1,101 Vehicle lamp 2 Semiconductor type light source (light source)
Reference Signs List 20 light emitting unit 3 reflector 30 reflecting surface 31 additional reflecting surface 4 projection lens 40 incident surface 41 emission surface 5 heat sink (mounting member)
REFERENCE SIGNS LIST 50 upper plate portion 51 front plate portion 52 fin portion 53 mounting boss portion 54 positioning pin portion 55 dropout prevention portion 56 fitting hole 57 dropout prevention portion 6 movable shade (optical control member)
61 Bearing part 611 First stopper 612 Second stopper 619 Through hole 62 Main shielding part 620 Edge 623 Additional reflection surface 63 Auxiliary shielding part 64 Rotating shaft 65 Coil spring 7 Solenoid (drive mechanism)
70 Case 71 Coil 72 Plunger (drive unit)
73 Connector 74 Cover 75 Convex part 76 Tightening tool 77 Screw 78 Flange 79 Mounting part 8 Link member (driving force transmitting member)
Reference Signs List 80 coil part 81 one connecting part 82 other connecting part 9 bracket (mounting member)
90 bent portion 91 intermediate mounting portion 910 regulating portion 911 stopping portion 912 concave portion 92 end mounting portion 920 through hole 921 positioning hole 922 fixed convex portion 93 concave portion 94, 940, 941 pin portion 942 caulking portion 95 through hole 96 opening 97 Through hole 98 Insertion hole 99 Captive part 10 Holder (mounting member)

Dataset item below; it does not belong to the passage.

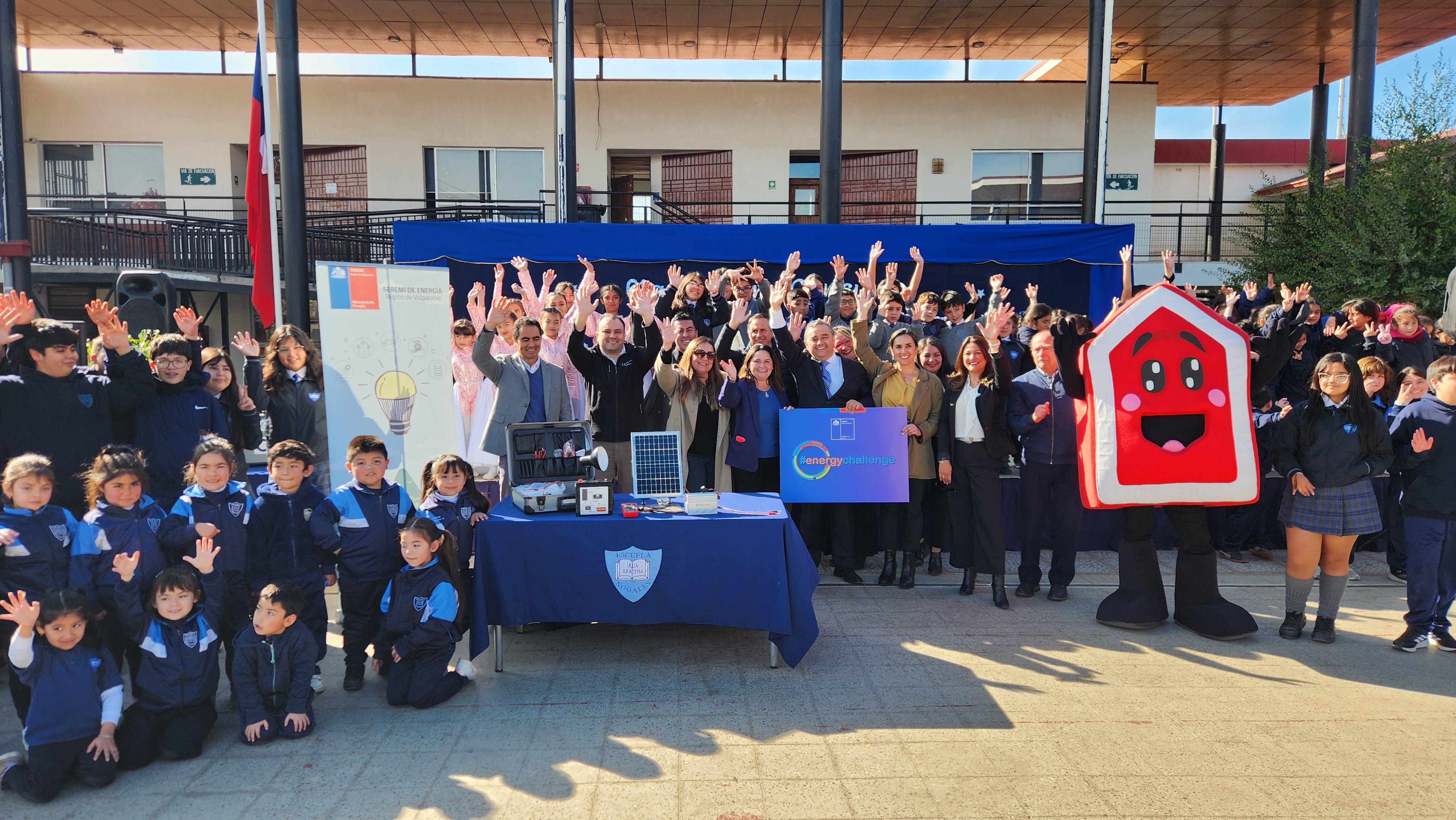 Lanzan Energy Challenge 2026, desafío energético para colegios de la región Lanzan Energy Challenge 2026, desafío energético para colegios de la región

Reference Signs List 11 holding part 12 mounting part 13 through hole 100 fan B rear CL cutoff line D lower D1 diameter D2, D3 gap F front F1 first focus F2 second focus F3 focus F4 Force of gravity of solenoid in counterclockwise direction F5 Pulling force F6 Pushing Force HL-HR Horizontal left / right line HP High beam light distribution pattern L Left LP Low beam light distribution pattern OSP Overhead sign light distribution pattern O1 Center axis of rotation axis O2 Center axis of plunger R Right S Ventilation space U Upper VU-VD Vertical vertical line Z optical axis

Claims (7)

Light source,
A mounting member to which the light source is mounted,
An optical control member that is switchably attached to the attachment member and optically controls light from the light source to a predetermined light distribution.
A drive mechanism that is attached to the attachment member and drives the optical control member,
A driving force transmitting member that is attached to the mounting member, and is connected to the optical control member and the driving mechanism, respectively, and transmits a driving force of the driving mechanism to the optical control member;
With
The mounting member is provided integrally with a falling-off preventing portion for preventing the driving force transmitting member from falling off from the mounting member.
A vehicular lamp characterized by the above. The mounting member,
A heat sink to which the light source is attached;
A bracket to which the optical control member and the drive mechanism are attached;
Has,
The driving force transmission member is formed of a wire member and has a coil portion,
The coil portion is fitted to a pin portion provided on one of the heat sink or the bracket,
The fall-off preventing portion for preventing the coil portion fitted to the pin portion from falling off from the pin portion is provided integrally with one of the heat sink and the bracket.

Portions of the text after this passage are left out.